The Rasmussen Reports poll released Monday found that Trump was favored by 48 percent of likely voters, compared to 47 percent for Biden. Another 3 percent said they would vote for a third party candidate, while 2 percent were undecided. A Rasmussen poll released on September 16, also giving Trump a 1 point advantage, was the last publicly released national survey to show the president in the lead.
The candidates were statistically tied in the poll since the result falls well within a 2.5 margin of error.

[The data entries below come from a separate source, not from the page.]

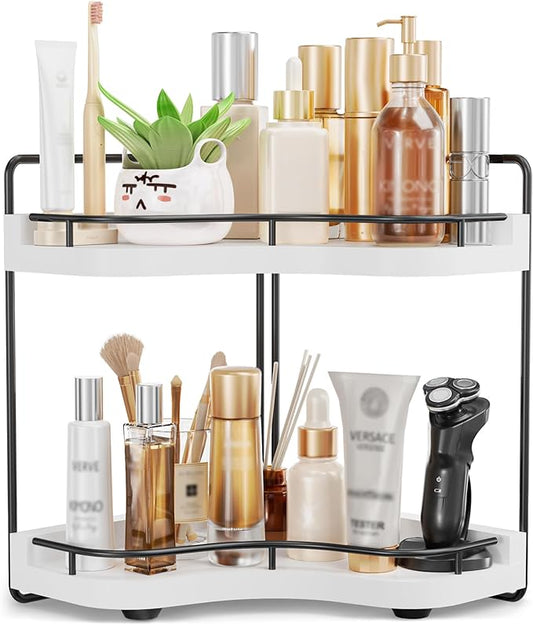 2-Tier Corner Bathroom Counter Organizer with Embedded Screw Holes, Secure & Stable Wood Vanity Shelf for Makeup and Skincare Essentials - Space Saving Bathroom Countertop Storage, White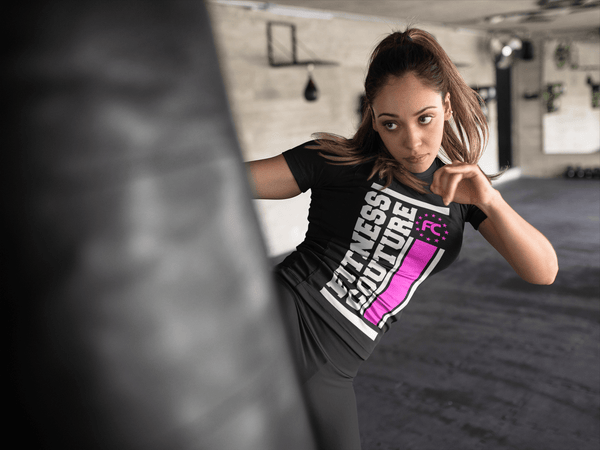 Fitness Couture - Vertical Logo T-shirt *Pink* Workout, Gym Day Tee - xpertapparel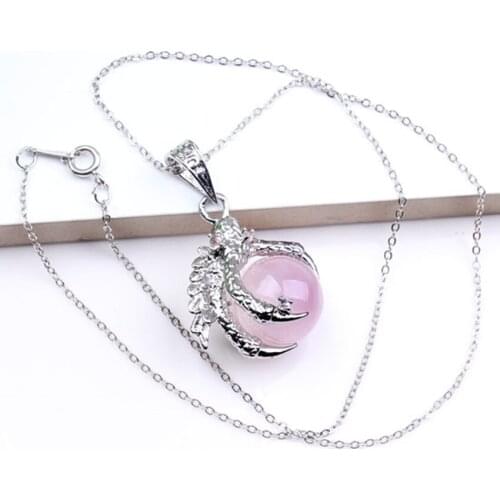 Trendy-beads Silver Plated Dragon Claw Ball Bead Vintage Pendant Rose Pink Quartz Necklace For Women Jewelry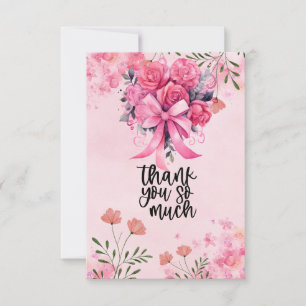 Pink Ribbon Breast cancer Awareness with Flowers Thank You Card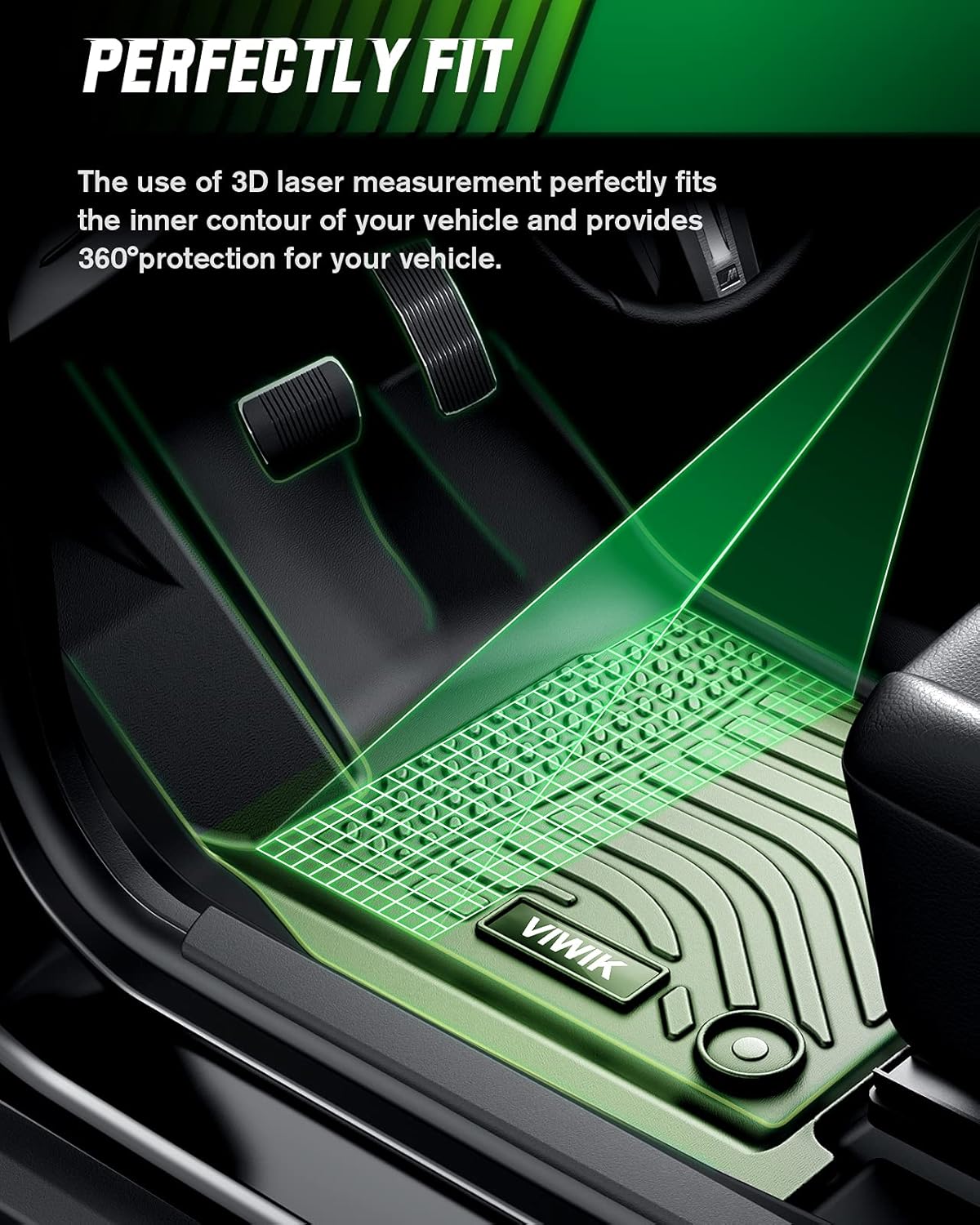 VIWIK Floor Mats Compatible for 2014-2019 Highlander, Car Mats All Weather Protection Custom Floor Liners Full Set Include 1st and 2nd Row Front & Rear, Automotive Floor Mats TPE Black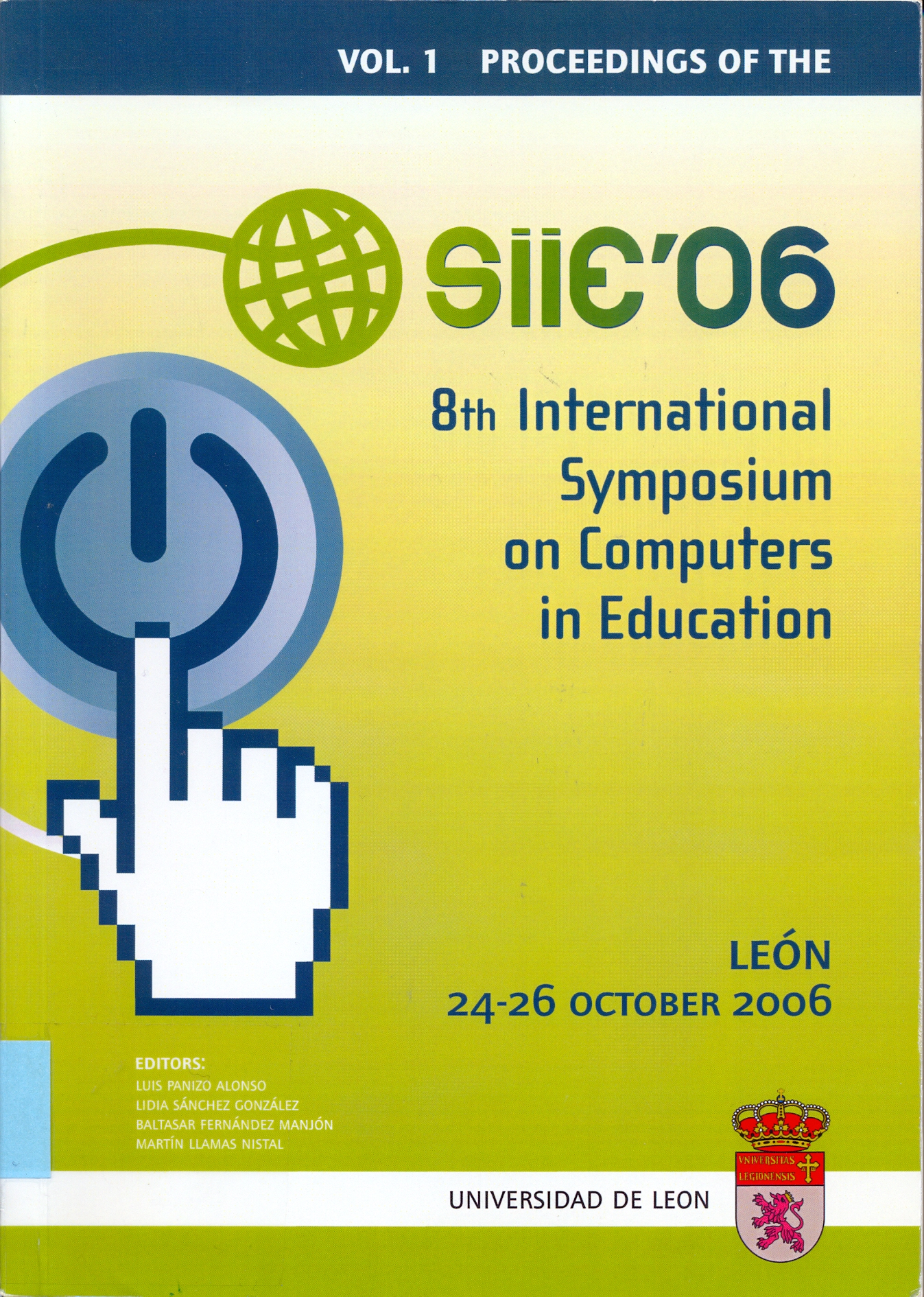 Imagen de portada del libro 8th International Symposium on Computers in Education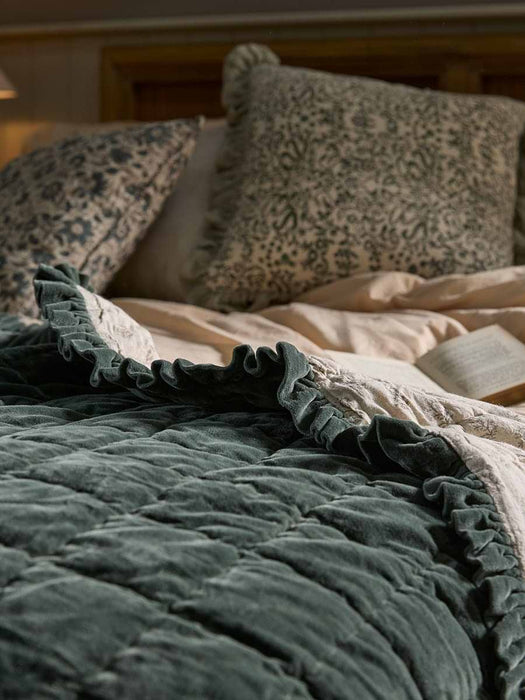 Ruffle Quilted Velvet Bedspread - Nordic Blue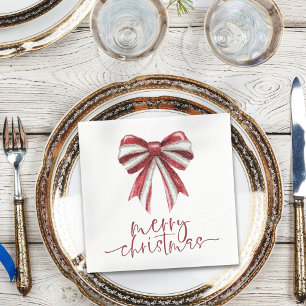 レッドホワイトグリッターボウメリークリスマス スタンダードカクテルナプキン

The poll was conducted online and over the phone among 1,500 likely voters on October 21, October 22 and October 25. The firm had been releasing weekly polls of the presidential race, but Monday’s survey was the first of several daily polls planned to be released until Election Day on November 3.
Rasmussen has a history of giving the president favorable poll results when compared to other firms. A job approval poll released Monday showed 52 percent approving of Trump’s performance, compared to 46 percent disapproving. The result is at odds with almost every other recent survey, with polling analysis site FiveThirtyEight’s average of approval polls to giving Trump a 42.7 percent approval rating and a 53.5 percent disapproval rating as of Monday night.

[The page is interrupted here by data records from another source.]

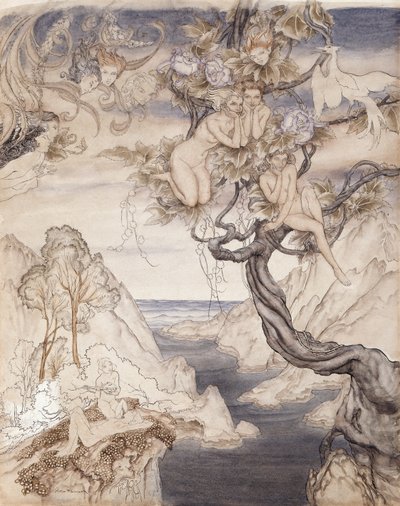 Una canzone delle fate, disegnata per Atto II, scena ii, da Sogno di una notte di mezza estate da Arthur Rackham
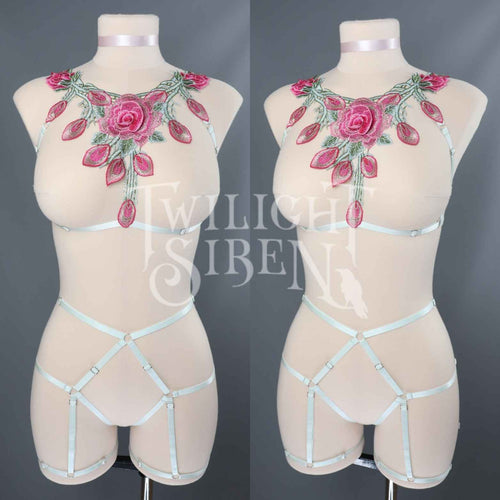 PINK FLORAL LACE BODY HARNESS SET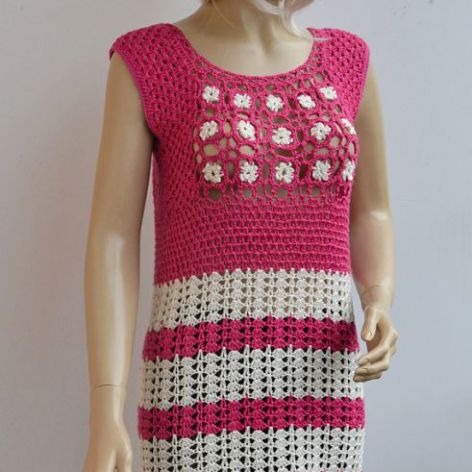 Różowa sukienka plażowa - tunika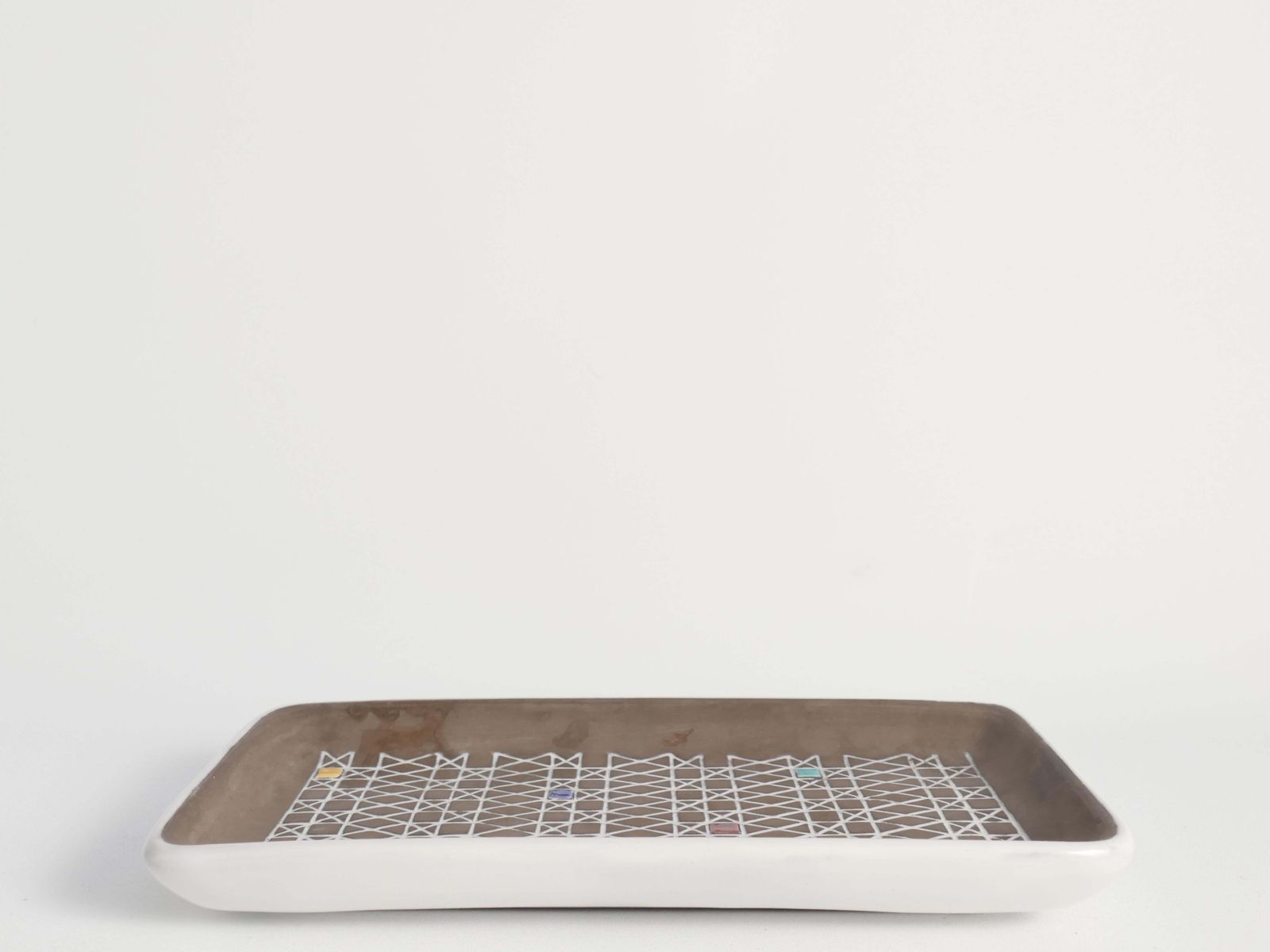 Brown And White "Corso" Ceramic Dish By Ingrid Atterberg For Upsala Ekeby, 1950s photo vinterior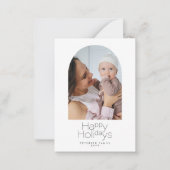 バジェットMINI SIZE家族の写真の冬の休日 ノートカード (正面)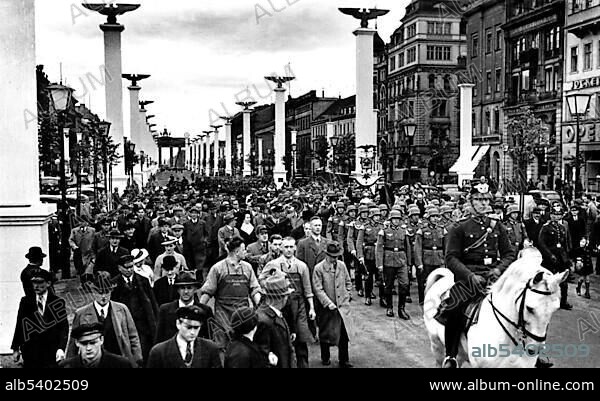 Unter den Linden Boulevard decorated with swastikas, historical image, 1936 Olympic Games, Berlin, Germany, Europe.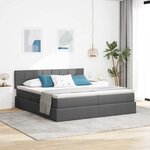 vidaXL Lit de Rangement Gris foncé 200 x 200 cm Cuir synthétique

Other polls of the presidential election have also shown significantly different results than the Rasmussen survey, with a Monday average of recent surveys giving Biden a 9.4 national lead. Of the polls released on the same day as the Rasmussen poll, Biden’s 7 percent edge in an IBD/Tipp survey of likely voters was the next closest to approaching favorable for Trump, with some others giving the former vice president a double-digit lead.
State polling is somewhat less negative for Trump, although Biden is still maintaining a clear advantage. As of Monday, Trump was trailing Biden by an average of 2.3 percent in Florida, 5.1 percent in Pennsylvania, 7.1 percent in Wisconsin and 8.3 percent in Michigan, according to FiveThirtyEight. The president had a 1.5 percent lead in Ohio, while he held an average lead of 1.2 percent in Texas, where some recent surveys have suggested a surprisingly close race.

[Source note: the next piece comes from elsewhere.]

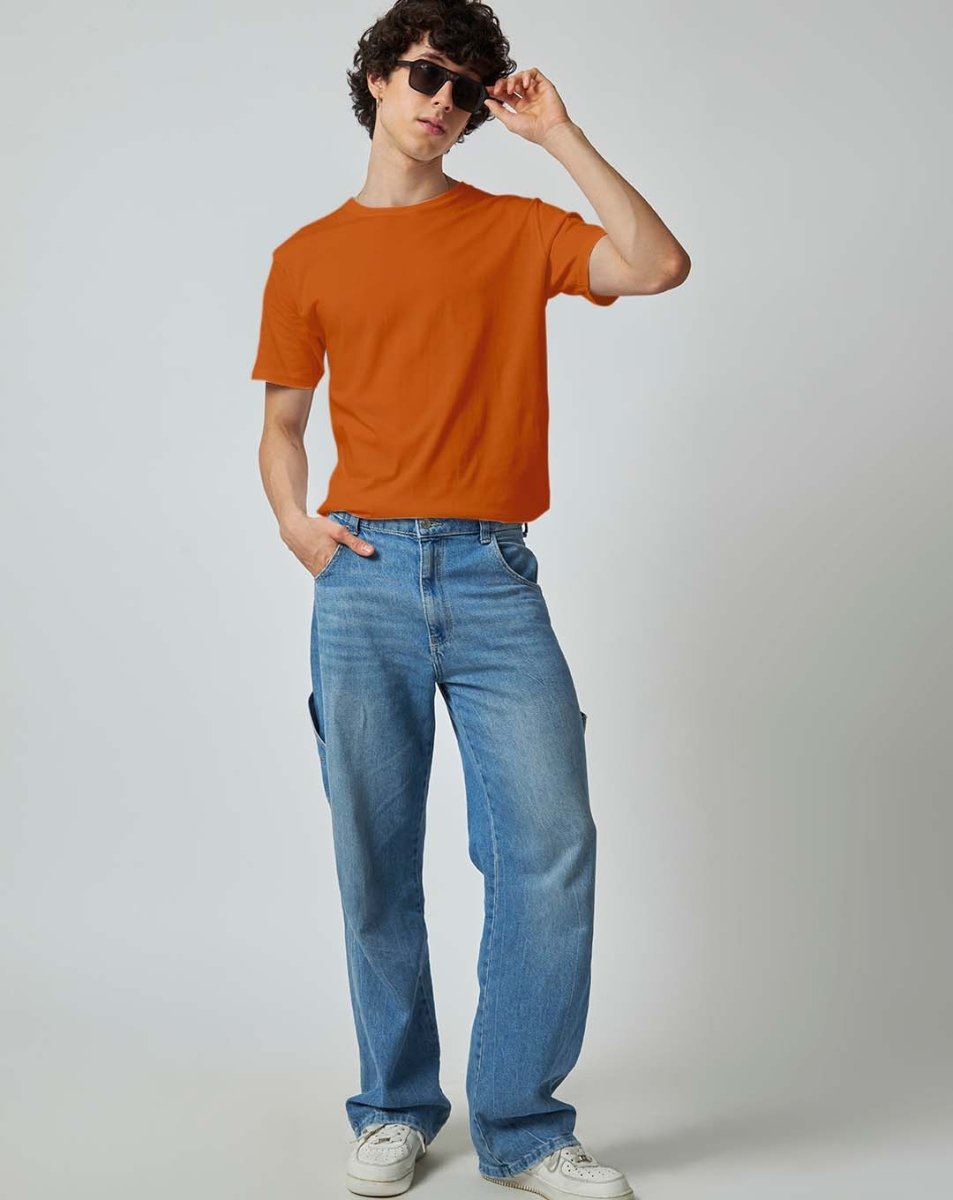 Tangy Orange Plain Tshirt - Unisex Comfort Fit - Mydesignation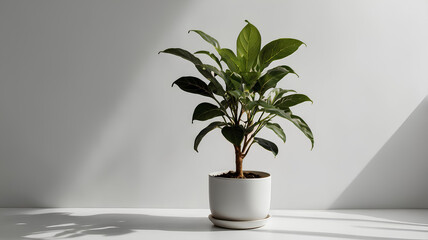 Minimalist Potted Plant Close-up against white background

FiveThirtyEight’s election forecast gave Trump a 12 percent chance of winning the election on Monday, just over a week before Election Day. The site gave Trump a 24.8 percent chance of winning eight days before the 2016 election, when he defied polls and many predictions by defeating former Secretary of State Hillary Clinton in the Electoral College despite losing the national popular vote by 2.1 percent. Rasmussen’s final national poll of the previous election gave Clinton a 1.7 percent lead.
Newsweek reached out to the Trump and Biden campaigns for comment.